E' quanto emerge da una ricerca commissionata dall'Organizzazione Mondiale della Sanità e dall'International Labor Service di Ginevra e pubblicata dalla rivista Environmental International.
Allo studio hanno partecipato esperti di alto profilo, coordinati dall'INAIL di Roma attraverso il professor Sergio Iavicoli e, nel team, spicca il nome di un docente dell'Università dell'Insubria: Marco Mario Ferrario (nella foto, opportunamente protetto dalla mascherina). Il professor Ferrario, affiancato dallo specializzando in Medicina del Lavoro Marco Roncaioli, è ai vertici del Centro di Ricerche in Epidemiologia e Medicina Preventiva dell'ateneo di Varese e di Como.

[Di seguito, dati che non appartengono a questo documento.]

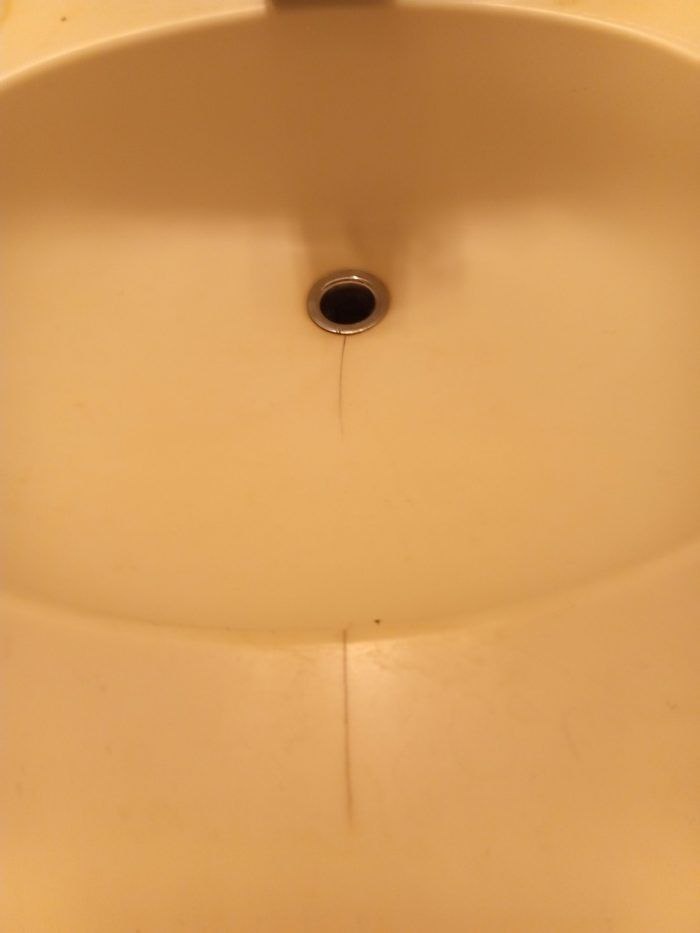 Как справиться с микротрещинами на раковине: советы и рекомендации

"Le condizioni di esposizione allo stress lavorativo - spiega - sono lesive se mantenute nel corso del tempo, perché finiscono per modificare in maniera nociva sul ritmo cardiaco".
Le conseguenze dello stress lavorativo sulla nostra salute non sono certo una novità. Ma l'emergenza Covid e i super turni cui tanti professionisti, a cominciare dal personale medico infermieristico, si sono prestati, ha reso ancor più marcata l'incisività del fenomeno.